== Prompt ==
The records underneath are to be repeated exactly, with the pictures left out.

Records from a data collection

--------------------

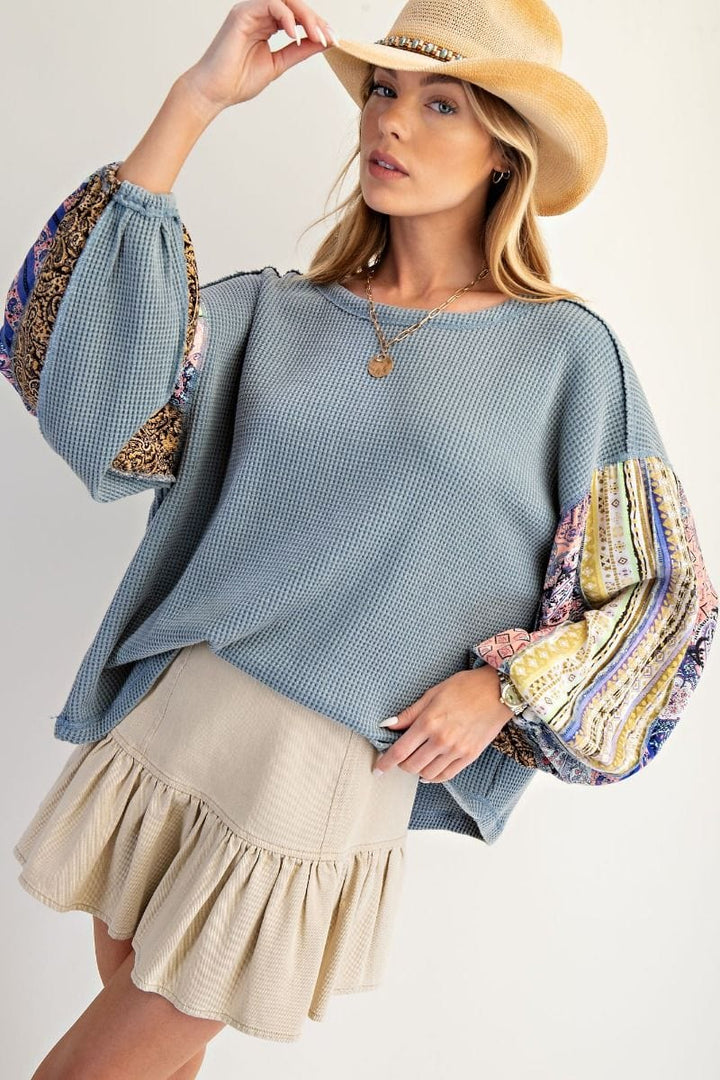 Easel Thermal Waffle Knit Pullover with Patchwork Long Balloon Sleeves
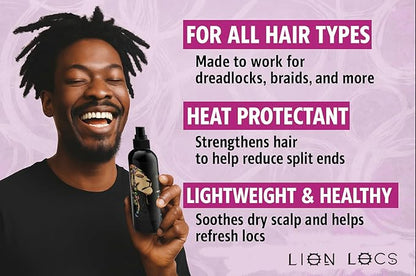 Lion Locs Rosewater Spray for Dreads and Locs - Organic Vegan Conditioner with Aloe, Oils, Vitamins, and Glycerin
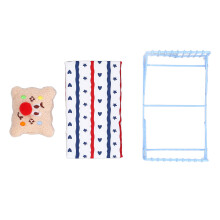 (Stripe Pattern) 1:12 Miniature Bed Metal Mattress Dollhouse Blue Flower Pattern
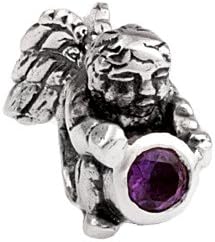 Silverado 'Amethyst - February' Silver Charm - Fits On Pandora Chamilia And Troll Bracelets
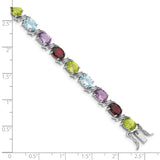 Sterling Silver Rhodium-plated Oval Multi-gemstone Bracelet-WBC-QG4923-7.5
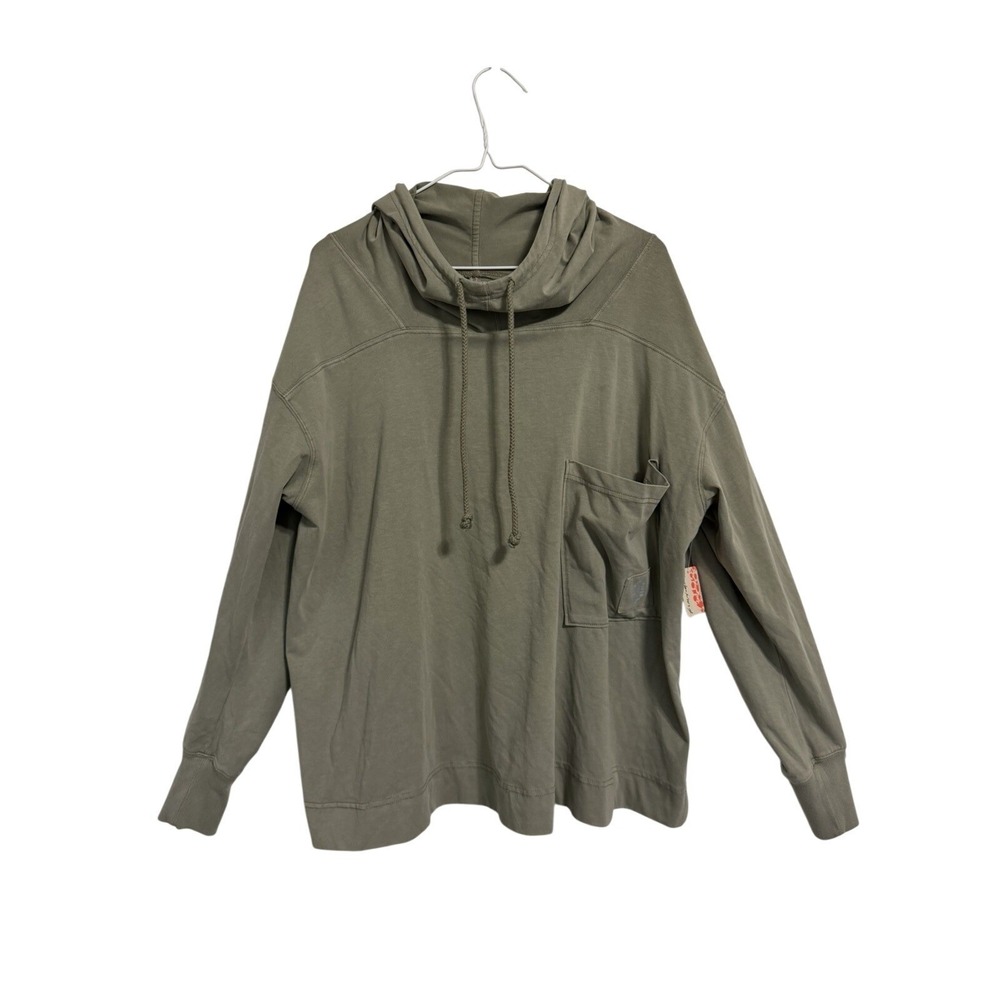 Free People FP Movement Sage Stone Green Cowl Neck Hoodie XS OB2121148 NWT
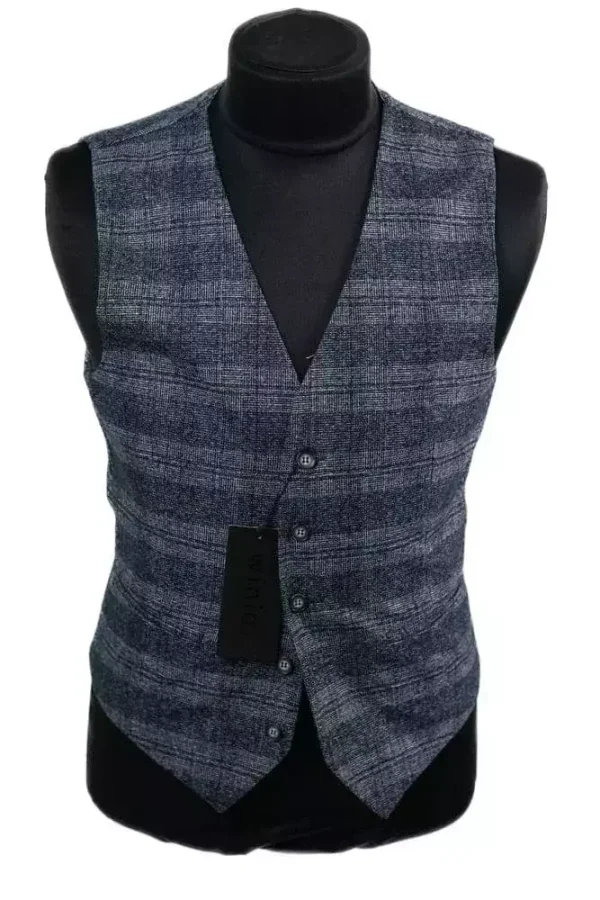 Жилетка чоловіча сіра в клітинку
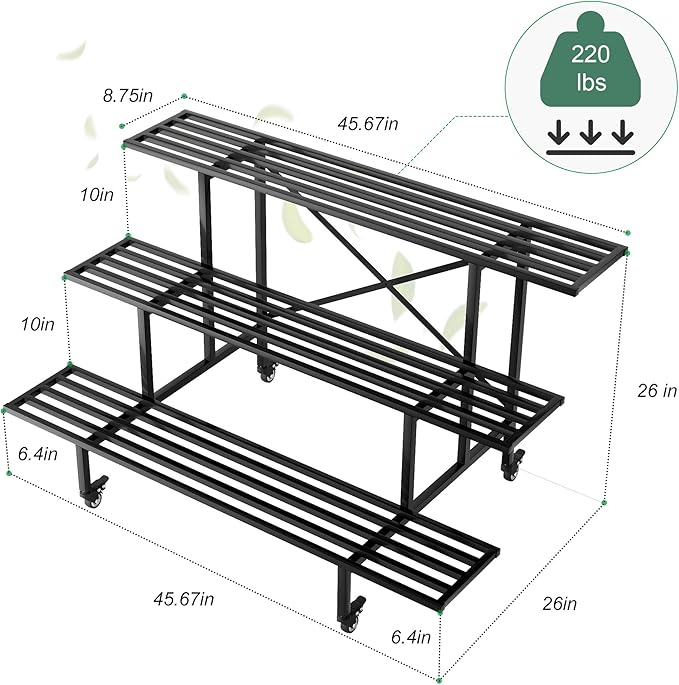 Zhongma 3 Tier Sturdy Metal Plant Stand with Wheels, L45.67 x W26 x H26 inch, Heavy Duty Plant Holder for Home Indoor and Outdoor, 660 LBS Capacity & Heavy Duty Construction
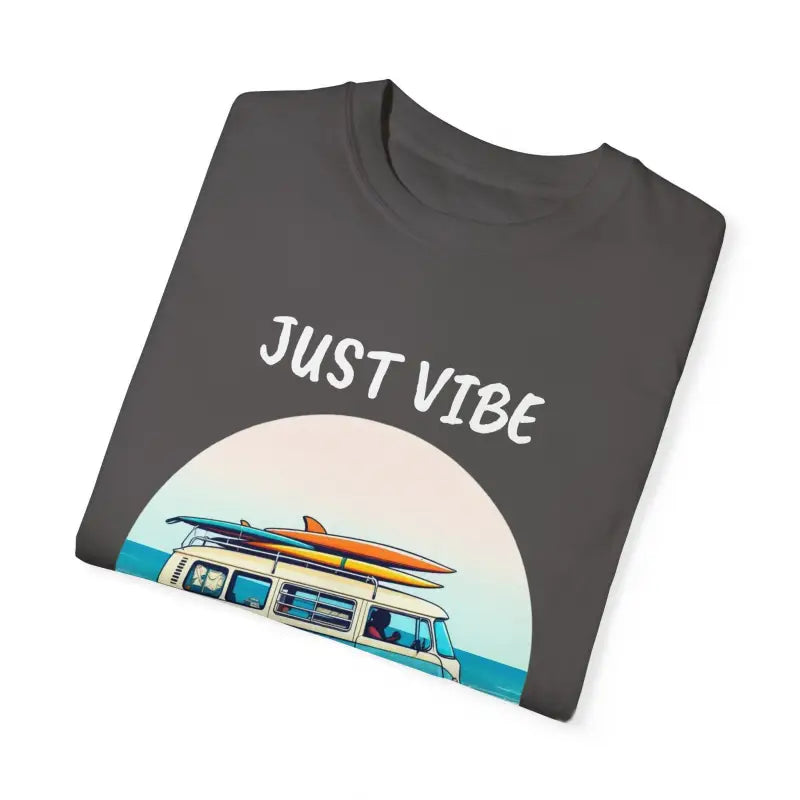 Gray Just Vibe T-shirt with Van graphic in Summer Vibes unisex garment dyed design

--------------------

== Result for this exercise ==
 Easel Thermal Waffle Knit Pullover with Patchwork Long Balloon Sleeves
 Lion Locs Rosewater Spray for Dreads and Locs - Organic Vegan Conditioner with Aloe, Oils, Vitamins, and Glycerin
 (Stripe Pattern) 1:12 Miniature Bed Metal Mattress Dollhouse Blue Flower Pattern
 Silverado 'Amethyst - February' Silver Charm - Fits On Pandora Chamilia And Troll Bracelets
 Sterling Silver Rhodium-plated Oval Multi-gemstone Bracelet-WBC-QG4923-7.5
 Free People FP Movement Sage Stone Green Cowl Neck Hoodie XS OB2121148 NWT
 Жилетка чоловіча сіра в клітинку
 Zhongma 3 Tier Sturdy Metal Plant Stand with Wheels, L45.67 x W26 x H26 inch, Heavy Duty Plant Holder for Home Indoor and Outdoor, 660 LBS Capacity & Heavy Duty Construction
 Gray Just Vibe T-shirt with Van graphic in Summer Vibes unisex garment dyed design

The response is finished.